- [Try it]
Wherever pictures appear in the listing below, leave them out, and copy exactly, and only, everything from the line with "Shot of an empty" down to the line with "The Lucy Stripe Cardigan in Black".

- [Task inputs]
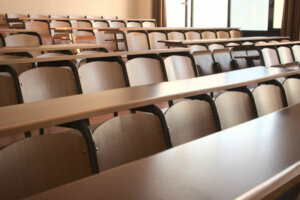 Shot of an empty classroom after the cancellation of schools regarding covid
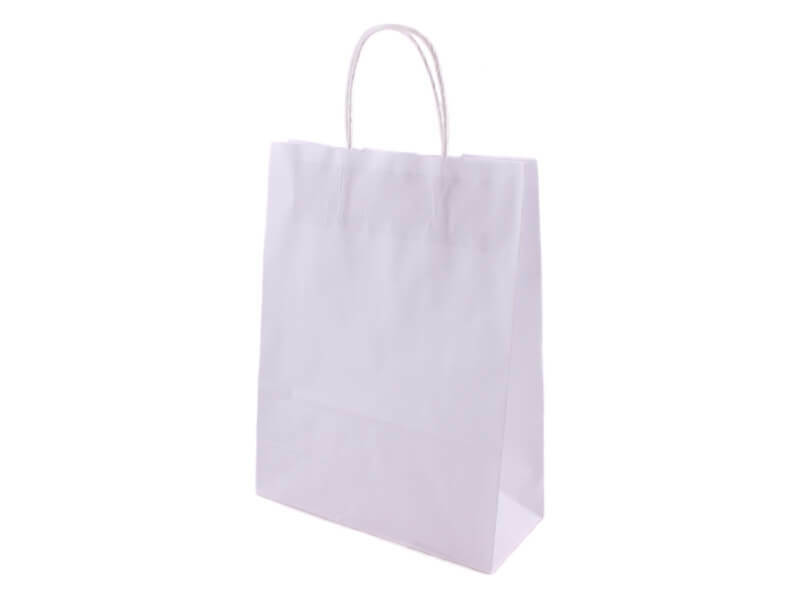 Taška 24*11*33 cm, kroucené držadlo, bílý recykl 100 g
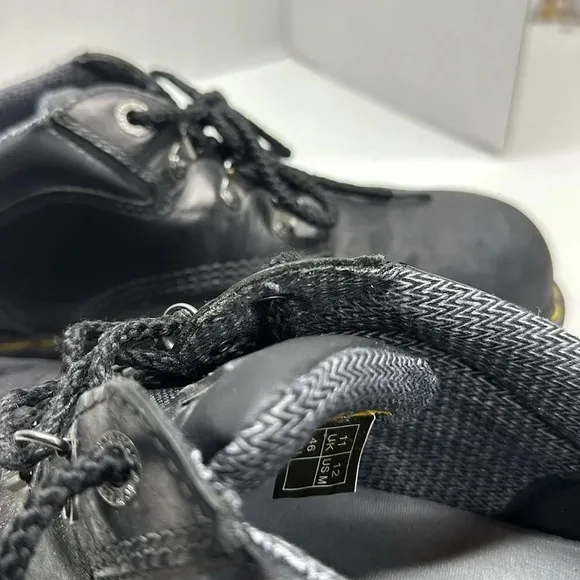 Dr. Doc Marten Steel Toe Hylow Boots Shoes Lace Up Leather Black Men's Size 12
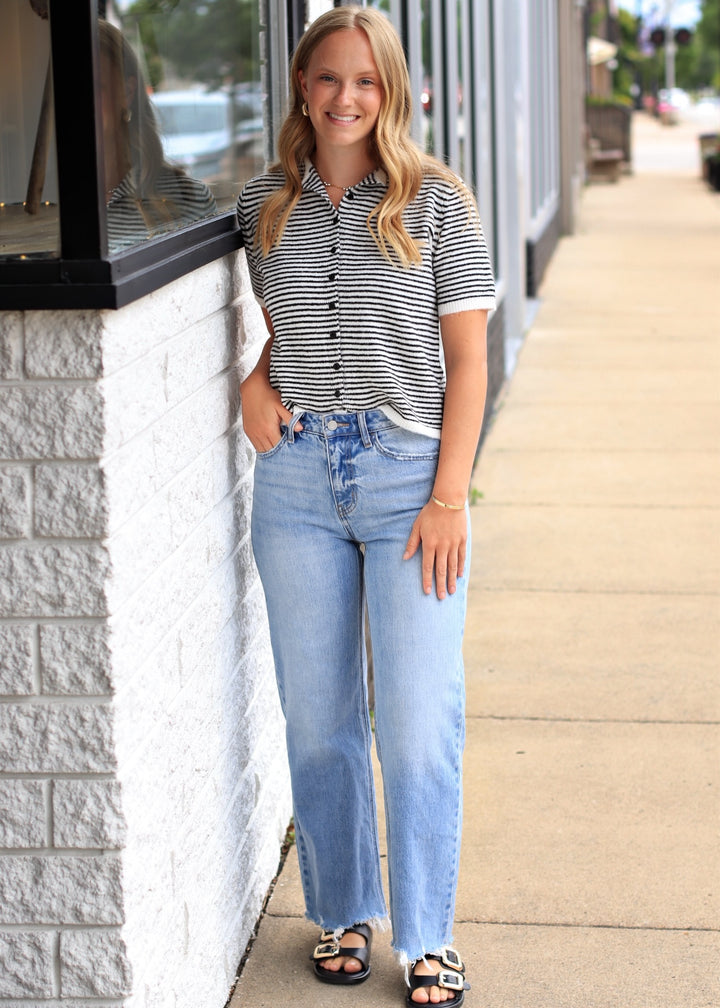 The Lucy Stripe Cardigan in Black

...

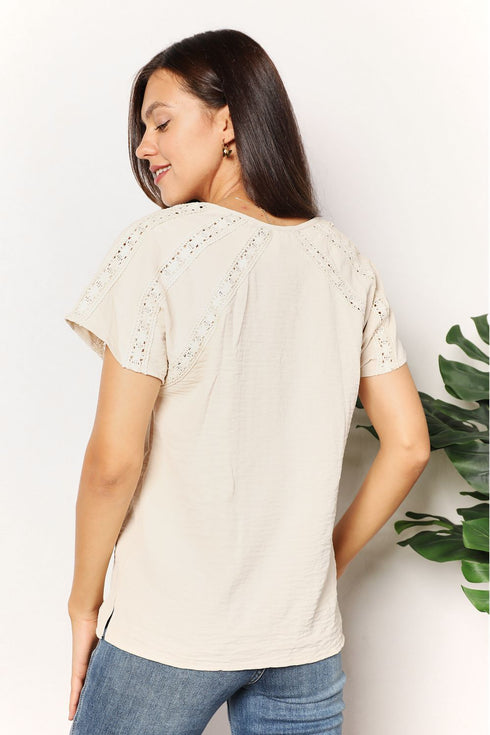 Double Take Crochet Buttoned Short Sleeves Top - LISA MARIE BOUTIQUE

- [Task answer]
 Shot of an empty classroom after the cancellation of schools regarding covid
 Taška 24*11*33 cm, kroucené držadlo, bílý recykl 100 g
 Dr. Doc Marten Steel Toe Hylow Boots Shoes Lace Up Leather Black Men's Size 12
 The Lucy Stripe Cardigan in Black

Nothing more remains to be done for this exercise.